02 January 2021

A Revolutionary University, the Natural World and the Policy Focus for Our Founding Fathers

Jefferson asked that his three proudest accomplishments be captured on his tombstone. President was notably absent, while "father of the University of Virginia" was included.

To me, the most remarkable thing about this new university was simply this: it was the first university in the history of the West that was not originally founded as a school of divinity.

The United States' first president had been a land surveyor. Jefferson's university was designed to focus students on the natural - and not the supernatural - world. The founding fathers were Enlightenment thinkers who sought to observe and explain the natural world. Land - this world - was their focus.
Americans went to war with the British for a host of reasons but a big and often overlooked reason was that the British in 1763 forbade colonial settlement west of the Alleghanies. Land speculators like George Washington weren't terribly excited about this. Throwing off British rule was one way to expand holdings further west.

As president, Jefferson funded Lewis and Clark's expedition to explore this vast continent. It is easy to gloss over the fact that this new country initially hugged a strip of land along the Atlantic ocean that was about one quarter of the land mass the US now occupies. As proof that Jefferson's interest in the continent was not just academic, he spent a sum double the new country's federal budget to make the Louisiana Purchase. By the time Lincoln took office, the "lower 48" defined this country.
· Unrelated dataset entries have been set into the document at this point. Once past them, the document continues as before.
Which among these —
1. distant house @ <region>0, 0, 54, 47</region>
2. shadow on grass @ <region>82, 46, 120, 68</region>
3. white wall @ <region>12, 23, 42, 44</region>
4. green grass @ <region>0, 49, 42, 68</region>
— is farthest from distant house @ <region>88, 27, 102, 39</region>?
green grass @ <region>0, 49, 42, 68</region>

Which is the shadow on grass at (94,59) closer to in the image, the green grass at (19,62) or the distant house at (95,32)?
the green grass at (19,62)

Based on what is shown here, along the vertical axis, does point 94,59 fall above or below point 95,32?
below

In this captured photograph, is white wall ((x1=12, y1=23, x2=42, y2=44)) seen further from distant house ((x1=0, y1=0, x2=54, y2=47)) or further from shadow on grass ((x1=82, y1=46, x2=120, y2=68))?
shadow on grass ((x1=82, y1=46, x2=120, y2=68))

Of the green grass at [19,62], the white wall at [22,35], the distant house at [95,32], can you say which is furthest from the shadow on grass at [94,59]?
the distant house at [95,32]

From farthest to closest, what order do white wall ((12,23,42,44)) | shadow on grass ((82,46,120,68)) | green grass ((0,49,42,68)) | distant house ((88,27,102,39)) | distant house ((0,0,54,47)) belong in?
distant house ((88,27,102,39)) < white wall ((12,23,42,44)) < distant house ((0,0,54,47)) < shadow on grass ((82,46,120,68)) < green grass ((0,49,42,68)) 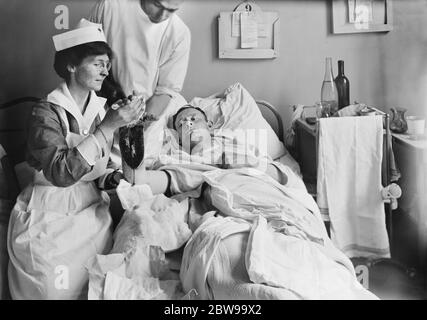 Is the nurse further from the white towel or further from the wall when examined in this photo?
the white towel

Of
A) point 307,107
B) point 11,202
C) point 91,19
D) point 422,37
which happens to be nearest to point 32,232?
point 11,202

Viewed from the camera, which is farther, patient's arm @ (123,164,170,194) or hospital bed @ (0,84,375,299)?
patient's arm @ (123,164,170,194)

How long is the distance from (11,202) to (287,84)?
0.76 meters

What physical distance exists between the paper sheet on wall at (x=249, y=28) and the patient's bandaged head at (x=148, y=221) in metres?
0.44

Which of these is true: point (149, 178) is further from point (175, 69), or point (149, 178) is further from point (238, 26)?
point (238, 26)

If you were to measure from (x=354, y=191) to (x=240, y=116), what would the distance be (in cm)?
37

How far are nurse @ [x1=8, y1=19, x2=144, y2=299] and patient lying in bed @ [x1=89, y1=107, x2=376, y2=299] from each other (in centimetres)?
13

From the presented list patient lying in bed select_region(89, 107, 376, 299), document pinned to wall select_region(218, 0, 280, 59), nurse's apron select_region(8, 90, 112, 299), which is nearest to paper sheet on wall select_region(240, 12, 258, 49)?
document pinned to wall select_region(218, 0, 280, 59)

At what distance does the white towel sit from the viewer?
1.51 metres

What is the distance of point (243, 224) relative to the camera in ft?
4.06

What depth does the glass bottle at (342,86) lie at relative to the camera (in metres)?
1.48

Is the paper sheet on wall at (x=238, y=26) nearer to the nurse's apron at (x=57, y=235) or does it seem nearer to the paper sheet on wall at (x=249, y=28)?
the paper sheet on wall at (x=249, y=28)

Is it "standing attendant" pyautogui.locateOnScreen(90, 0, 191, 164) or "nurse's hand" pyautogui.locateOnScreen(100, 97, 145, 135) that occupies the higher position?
"standing attendant" pyautogui.locateOnScreen(90, 0, 191, 164) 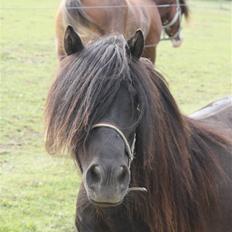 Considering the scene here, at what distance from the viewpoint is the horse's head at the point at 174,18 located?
731 cm

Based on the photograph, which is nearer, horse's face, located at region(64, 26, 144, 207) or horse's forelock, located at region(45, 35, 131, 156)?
horse's face, located at region(64, 26, 144, 207)

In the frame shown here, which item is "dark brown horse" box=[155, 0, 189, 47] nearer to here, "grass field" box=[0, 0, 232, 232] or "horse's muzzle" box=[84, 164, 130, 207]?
"grass field" box=[0, 0, 232, 232]

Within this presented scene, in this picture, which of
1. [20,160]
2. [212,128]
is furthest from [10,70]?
[212,128]

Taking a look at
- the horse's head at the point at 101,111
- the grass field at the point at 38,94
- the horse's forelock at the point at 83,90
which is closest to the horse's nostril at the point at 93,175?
the horse's head at the point at 101,111

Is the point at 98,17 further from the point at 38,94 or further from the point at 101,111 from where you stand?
the point at 101,111

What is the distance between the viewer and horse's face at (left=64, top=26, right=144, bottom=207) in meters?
1.78

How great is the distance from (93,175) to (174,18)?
5.82 m

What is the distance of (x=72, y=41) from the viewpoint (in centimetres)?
205

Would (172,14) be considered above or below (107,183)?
below

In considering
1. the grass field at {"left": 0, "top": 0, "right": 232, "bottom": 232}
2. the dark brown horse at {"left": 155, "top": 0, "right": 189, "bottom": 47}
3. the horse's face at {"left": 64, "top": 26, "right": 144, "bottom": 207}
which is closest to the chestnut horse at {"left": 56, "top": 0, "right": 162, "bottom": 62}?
the grass field at {"left": 0, "top": 0, "right": 232, "bottom": 232}

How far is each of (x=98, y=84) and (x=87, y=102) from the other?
75 millimetres

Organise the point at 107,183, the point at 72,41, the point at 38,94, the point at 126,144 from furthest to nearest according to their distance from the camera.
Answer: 1. the point at 38,94
2. the point at 72,41
3. the point at 126,144
4. the point at 107,183

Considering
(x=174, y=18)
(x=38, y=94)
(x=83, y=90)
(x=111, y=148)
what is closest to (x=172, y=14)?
(x=174, y=18)

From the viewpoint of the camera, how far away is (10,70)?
905cm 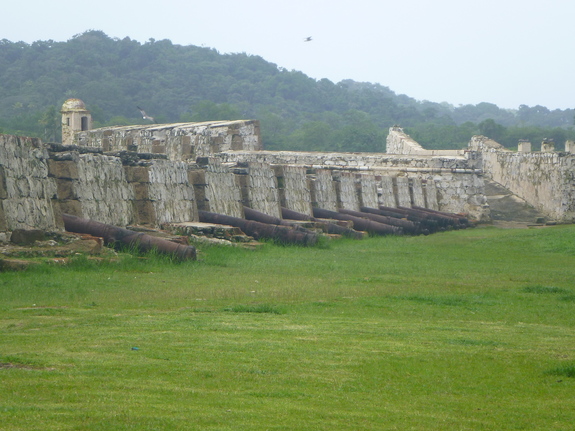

What defined policy from the presidency of Washington the land speculator to the presidency of Lincoln the inventor? (Abe is still the only president to hold a patent.) Land. It's exploration, conquest and monetization. (Farming and gold were obvious ways but by no means the only. By the end of the 1800s, Michigan's lumber industry would have created a billion dollars more in value than the California gold rush. This new continent was rich in opportunities to become rich.)

European serfs were legally bound to the land, unable to move. They didn't own land; land owned them. This new country offered possibilities of ownership that had literally been outlawed for their parents.
The serfs were freed gradually throughout Europe but serfdom was not completely ended until terribly late. The last of the serfs in Scotland were freed in 1799, the last in France in 1789, in Germany in 1830. Chinese immigrants (by 1870, they made up 9% of California's population) fled similarly bleak prospects for this new land of opportunity. It was truly revolutionary for these former serfs and sons of serfs to come to the US to own land and a flood of immigrants came; the population Lincoln governed was six times larger than the one Jefferson presided over. Land was the magnet that drew these immigrants.

With the ascent of Lincoln and his new Republican Party, a new force would shape and be shaped by Americans but most of what you need to know about the policy and politics that succeeded from the founding of the country to the founding of the Republican party could be answered by the question of what got the country more land or extracted more value from that land. It was both that simple and that complicated (and messy and violent).